Como sucedería con los combates de Yenín, los dirigentes palestinos habían fabricado dos mensajes dirigidos a públicos diferentes. Ante los occidentales, se presentaban como las víctimas inocentes e inermes de una agresión imperialista —un tópico falso que encontró un eco innegable—, pero, ante su gente, reconocían con orgullo la verdad, es decir, que todo obedecía a planes bien ideados cuya única finalidad era aniquilar a Israel. Por supuesto, semejante política vino unida a una represión interna para acabar con los disidentes. Por ejemplo, el palestino Sari Nuseiba, que se declaró en contra de lo que estaba sucediendo, recibió enseguida las amenazas del grupo terrorista Hamás.

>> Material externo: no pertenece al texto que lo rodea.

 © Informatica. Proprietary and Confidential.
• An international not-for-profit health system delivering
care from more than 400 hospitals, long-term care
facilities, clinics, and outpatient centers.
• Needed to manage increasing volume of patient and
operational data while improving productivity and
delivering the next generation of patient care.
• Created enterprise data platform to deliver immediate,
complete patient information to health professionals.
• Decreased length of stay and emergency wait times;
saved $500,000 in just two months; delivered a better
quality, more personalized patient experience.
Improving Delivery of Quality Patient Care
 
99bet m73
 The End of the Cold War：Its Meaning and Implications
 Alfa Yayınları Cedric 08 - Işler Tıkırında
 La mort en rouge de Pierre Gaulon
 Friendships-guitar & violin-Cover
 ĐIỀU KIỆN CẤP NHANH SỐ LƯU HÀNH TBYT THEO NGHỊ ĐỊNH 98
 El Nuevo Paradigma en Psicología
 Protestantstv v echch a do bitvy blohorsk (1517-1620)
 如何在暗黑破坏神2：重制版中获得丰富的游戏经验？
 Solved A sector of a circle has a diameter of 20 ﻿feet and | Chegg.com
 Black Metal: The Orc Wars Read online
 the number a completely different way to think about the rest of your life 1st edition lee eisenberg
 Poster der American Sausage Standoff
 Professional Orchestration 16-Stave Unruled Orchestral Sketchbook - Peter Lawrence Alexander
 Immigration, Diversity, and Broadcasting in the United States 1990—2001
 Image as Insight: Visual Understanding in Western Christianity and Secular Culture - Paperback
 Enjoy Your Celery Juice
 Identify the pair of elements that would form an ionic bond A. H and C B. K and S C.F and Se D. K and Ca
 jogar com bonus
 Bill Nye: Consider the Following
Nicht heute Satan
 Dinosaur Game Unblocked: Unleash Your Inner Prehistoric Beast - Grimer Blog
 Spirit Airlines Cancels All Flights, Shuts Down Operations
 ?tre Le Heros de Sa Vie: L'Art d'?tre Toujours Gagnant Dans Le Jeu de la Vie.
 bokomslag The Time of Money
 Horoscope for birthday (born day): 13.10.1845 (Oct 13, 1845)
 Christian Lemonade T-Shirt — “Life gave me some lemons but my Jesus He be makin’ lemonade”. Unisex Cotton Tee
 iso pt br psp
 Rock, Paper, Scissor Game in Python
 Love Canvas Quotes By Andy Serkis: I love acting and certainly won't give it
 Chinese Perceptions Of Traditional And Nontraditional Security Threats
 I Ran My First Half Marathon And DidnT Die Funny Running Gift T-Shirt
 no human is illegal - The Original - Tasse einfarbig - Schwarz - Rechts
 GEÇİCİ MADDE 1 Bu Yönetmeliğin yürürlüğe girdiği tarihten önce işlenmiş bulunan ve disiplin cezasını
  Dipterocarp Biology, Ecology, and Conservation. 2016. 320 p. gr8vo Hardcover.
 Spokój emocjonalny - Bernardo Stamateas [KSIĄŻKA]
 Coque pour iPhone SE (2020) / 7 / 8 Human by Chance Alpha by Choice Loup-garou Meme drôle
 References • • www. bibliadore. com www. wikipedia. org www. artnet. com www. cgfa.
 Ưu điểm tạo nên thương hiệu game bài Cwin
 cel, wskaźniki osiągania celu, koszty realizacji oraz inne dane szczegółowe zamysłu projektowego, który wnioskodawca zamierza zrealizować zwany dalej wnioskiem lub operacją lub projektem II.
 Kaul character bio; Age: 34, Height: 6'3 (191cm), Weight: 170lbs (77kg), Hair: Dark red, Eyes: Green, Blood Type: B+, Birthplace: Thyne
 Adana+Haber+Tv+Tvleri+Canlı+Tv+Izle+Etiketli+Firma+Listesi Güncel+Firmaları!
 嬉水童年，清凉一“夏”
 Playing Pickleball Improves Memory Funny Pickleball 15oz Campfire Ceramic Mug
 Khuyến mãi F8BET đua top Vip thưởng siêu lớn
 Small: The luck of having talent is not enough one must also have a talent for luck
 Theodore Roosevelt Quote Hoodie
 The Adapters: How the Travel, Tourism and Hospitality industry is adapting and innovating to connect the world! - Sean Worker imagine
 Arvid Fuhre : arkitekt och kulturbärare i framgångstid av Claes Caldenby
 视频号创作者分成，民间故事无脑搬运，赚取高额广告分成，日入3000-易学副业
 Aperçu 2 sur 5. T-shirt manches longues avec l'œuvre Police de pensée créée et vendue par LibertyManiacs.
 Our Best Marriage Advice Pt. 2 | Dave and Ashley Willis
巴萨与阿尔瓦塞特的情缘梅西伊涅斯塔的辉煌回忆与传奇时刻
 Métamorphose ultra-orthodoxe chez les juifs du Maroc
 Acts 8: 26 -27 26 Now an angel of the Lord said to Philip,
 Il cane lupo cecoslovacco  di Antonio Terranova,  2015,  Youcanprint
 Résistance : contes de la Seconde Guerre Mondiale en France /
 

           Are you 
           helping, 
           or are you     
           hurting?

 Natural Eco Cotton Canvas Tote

Por pereza, por prejuicios o por ignorancia, no fueron pocos los medios de comunicación que hicieron el juego a Arafat y a los terroristas. Por ejemplo, el periodista Bernard Langlois de la cadena francesa Antenne 2 comparó lo que estaba sucediendo con la Solución Final llevada a cabo por Hitler, naturalmente identificando con éste al Estado de Israel. De manera bien reveladora, Langlois perdió su empleo tiempo después, pero no por este dislate impropio de un profesional serio sino por haber hablado con ligereza de la muerte de la princesa Grace de Mónaco. El episodio difícilmente puede ser más elocuente. Cuesta trabajo no llegar a la conclusión de que la cadena estaba más preocupada por ciertas noticias propias de la prensa del corazón que por transmitir una información veraz y objetiva sobre Oriente Medio.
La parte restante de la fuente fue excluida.